Juega Iniesta
Cuando da dos pasos, da dos pasos adelante el equipo y dos pasos atrás el rival
El partido de España empieza en las páginas de Sucesos y termina en las de Política. En medio juega al fútbol Andrés Iniesta, una criatura hecha de silencio y tiempo si la hubiese visto Keats. En una época de peinados lujosos, Iniesta enseña una calva tradicional de años cincuenta. Desempolvado parece un español parado en un semáforo de vuelta de la gestoría; de frente, corriendo con el balón, es lo que Jorge Valdano decía de Ronaldo: la manada. Si al brasileño se le consideraba físicamente por la potencia Marvel desarrollada para blindar sus huesos, con Iniesta la manada tiene una connotación poética. Cuando da dos pasos, da dos pasos adelante el equipo y dos pasos atrás el rival. El espectáculo de este partido es ver a un tipo como él arrinconando gigantes checos con la pelota y avanzar hacia ellos como si llevase una pata de conejo entre las manos.
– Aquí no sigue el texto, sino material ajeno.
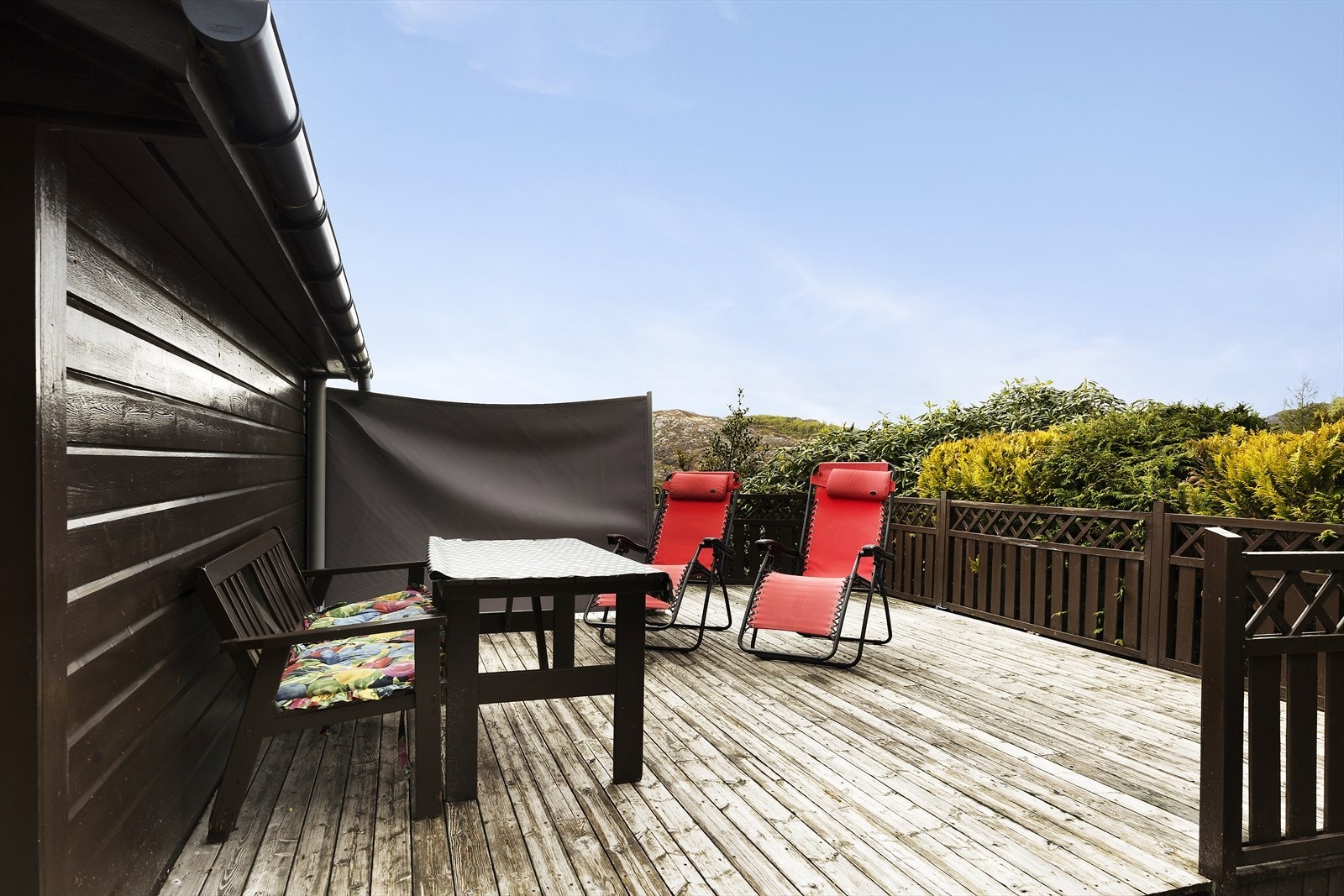 Den store treterrassen har flere soner for utemøbler og avslapning. Galleribilde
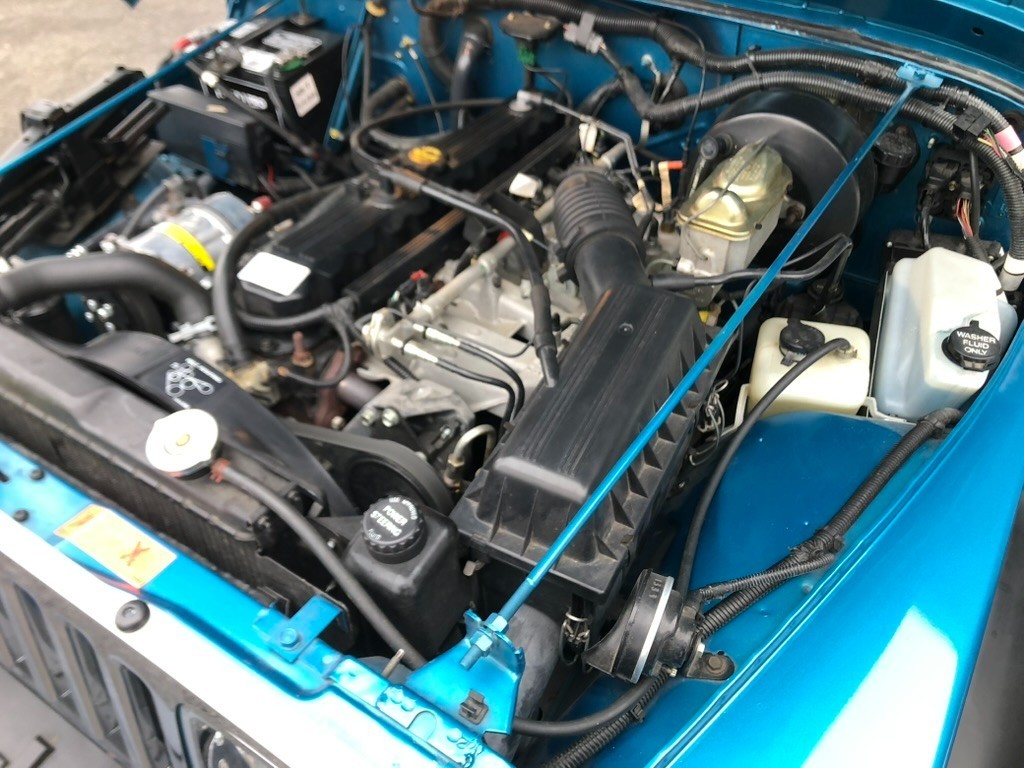 Jeep-Wrangler-1993-SUV-30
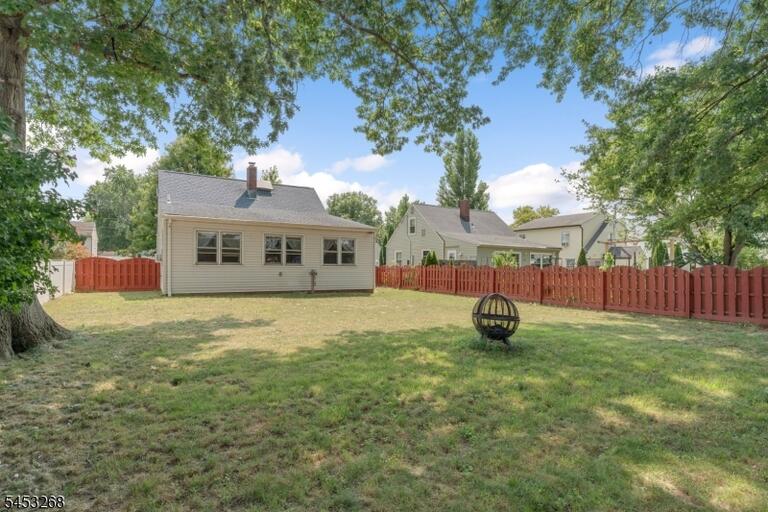 Property listing MLS 4047559 photo 26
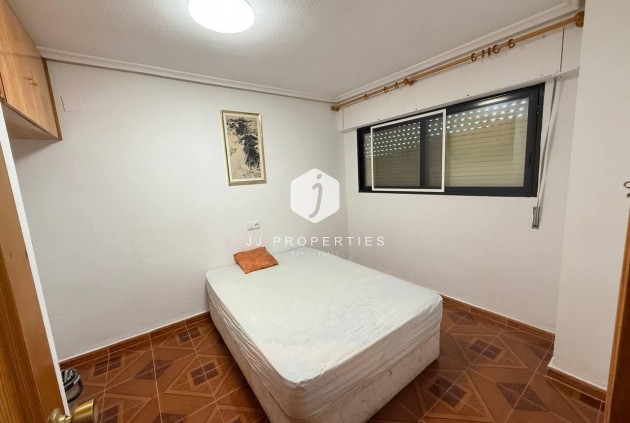 Segunda mano - Apartamento / piso -
Orihuela Costa - Punta Prima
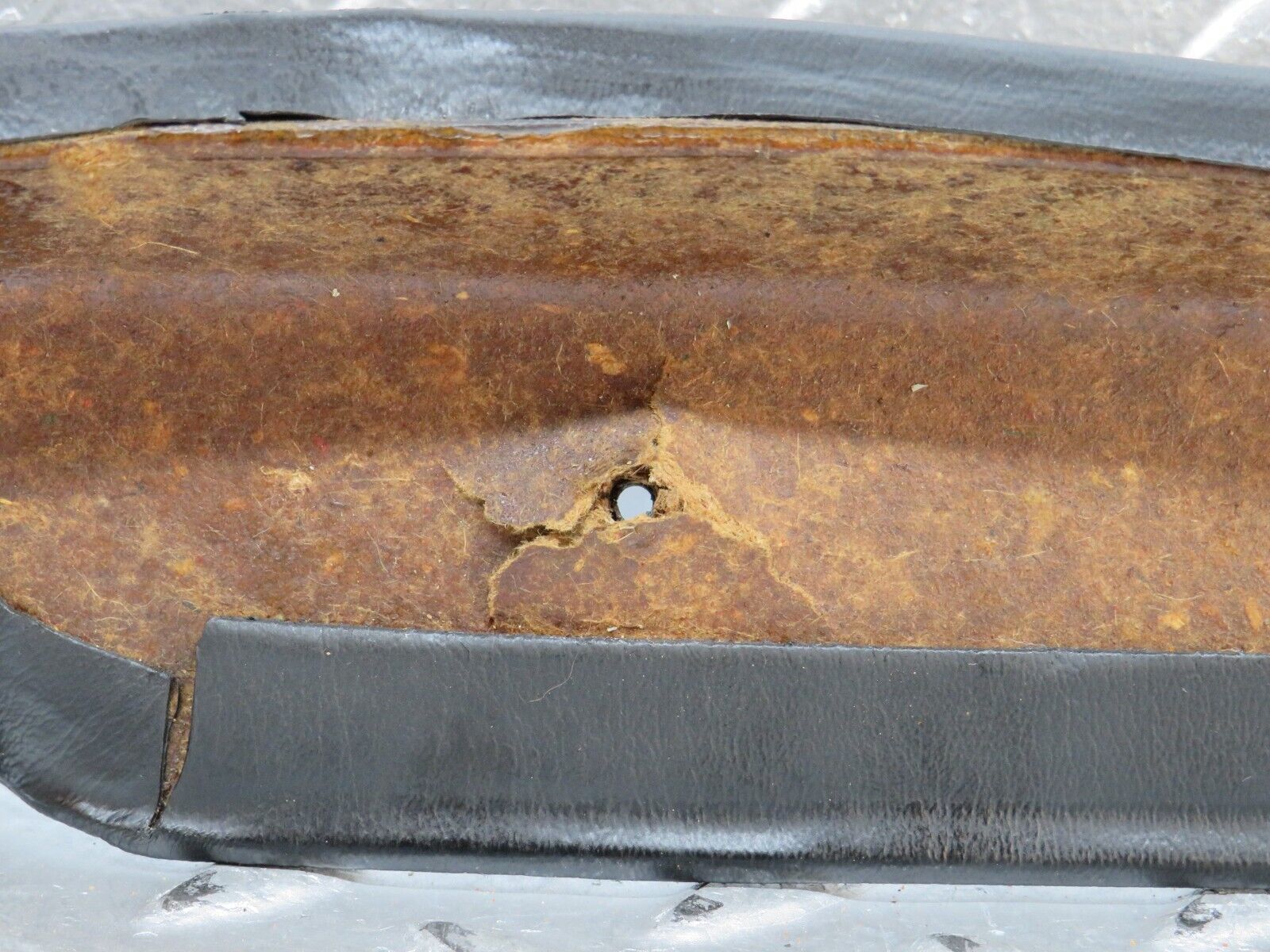 28214 Mercedes-Benz S123 240D Wagon Tailgate  Door Inner Cover 1237470187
Los rivales se achantan como supersticiosos, van a juntarse todos al borde del área para esperar que todo pase. Iniesta deja caer el cuerpo, lo endereza, mueve el balón como si fuese un cubilete y deletrea el juego con la paciencia lisérgica de un chamán. Juega como una marioneta fuera de control, uno de esos espectáculos en los que la ficción toma el mando. Lo que hace es mirar a los lados, reclamar el balón para devolverlo al instante y volver a levantar la cabeza en dirección a la portería. Más valor que lo que se le ocurre es lo que se le puede ocurrir en cualquier momento. Con esa amenaza se impone España. Tiene cerca a Silva y a Nolito, que juega con un defecto: se ha enamorado del balón. Tiene detrás a Busquets y delante a Morata. Se hace con el partido, lo que significa que todos deben jugar a lo que juega él. Los que no saben lo acusan; los que saben, se la dan. El más frágil de los españoles es el hombre al que Jünger colocaría el hacha entre las manos para defender el hogar.
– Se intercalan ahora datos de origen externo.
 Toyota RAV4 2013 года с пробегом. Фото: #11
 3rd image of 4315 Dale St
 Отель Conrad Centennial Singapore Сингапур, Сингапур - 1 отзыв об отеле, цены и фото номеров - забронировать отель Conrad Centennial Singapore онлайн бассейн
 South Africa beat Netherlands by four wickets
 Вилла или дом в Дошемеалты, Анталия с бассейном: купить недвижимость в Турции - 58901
Cuando todo muere, Iniesta continúa la jugada del Calderón: va a colocarle el balón en la cabeza de Piqué. En Champions les interrumpió una mano dentro del área no pitada; en Tolouse, meses después, los dos pueden terminar la jugada. Lo determinante del cabezazo de Piqué es que apunta: no sólo llega al balón sino que lo dirige. Es el gol de la victoria. Hay una España pequeña y delirante que grita antes de vomitar el grito. No lo hace porque haya recuperado la cordura: lo que ha hecho es perderla de nuevo. Es el español que se avergüenza de ser feliz porque la felicidad se la da alguien que odia sin terminar de saber por qué.